Saturday, 18 March 2017

Graduation Day and "Japanese-style Trousers"

A front and back picture of a female Japanese student wearing a traditional hakama on her graduatuon day
Front and back pictures of a hakama worn on graduation day
Yesterday was graduation day at my university and apart from a few wearing suits and traditional Korean dress, the vast majority of female students wore the traditional Japanese hakama (袴). Although originally worn by men, today the male students almost always wear suits. The only time you would see a man wearing a hakama in Japan today would perhaps be a sumo wrestler outside the ring, especially on formal occasions, a member of a martial arts club, like Japanese archery, or someone at the coming of age ceremony (seijin-shiki). Hakama have been described as "Japanese-style trousers" (since some have divided legs) though most of the hakama worn at the graduation ceremony were the undivided skirt type. Hakama are worn high, tied just below the chest, over a kimono (hakama-shita). The picture shows a kimono with long sleeves (furisode), typically worn by unmarried women in Japan, though not all sleeves are quite this long.

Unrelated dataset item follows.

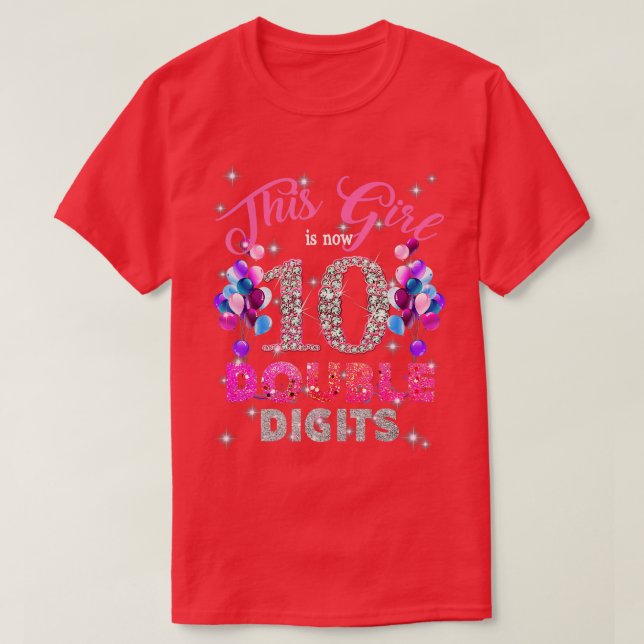 Camiseta 10th Birthday Gifts Shirt This Girl Is Now 10 Doub (Frente do Design)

Typically, students will wake up very early on graduation day for their appointment at the beauty salon where it can take hours to get properly dressed and have their hair and make-up done. The linkage with education goes back to the Meiji period when students wore hakama as their school uniform. Here you can see a 1907 picture of Umeko Tsuda, a pioneer of women's education in Japan, with her students dressed in hakama. In the evening students will change from their tight-fitting rather uncomfortable hakama to modern Western dress and many will hold a shaonkai (thank-you party) for their teacher. The concept of on - indebtness - and repaying on is, like its sister giri, a key concept in understanding Japanese society. See again Ruth Benedict's The Chrysanthemum and the Sword (Chapter 5: Debtor to the Ages and the World).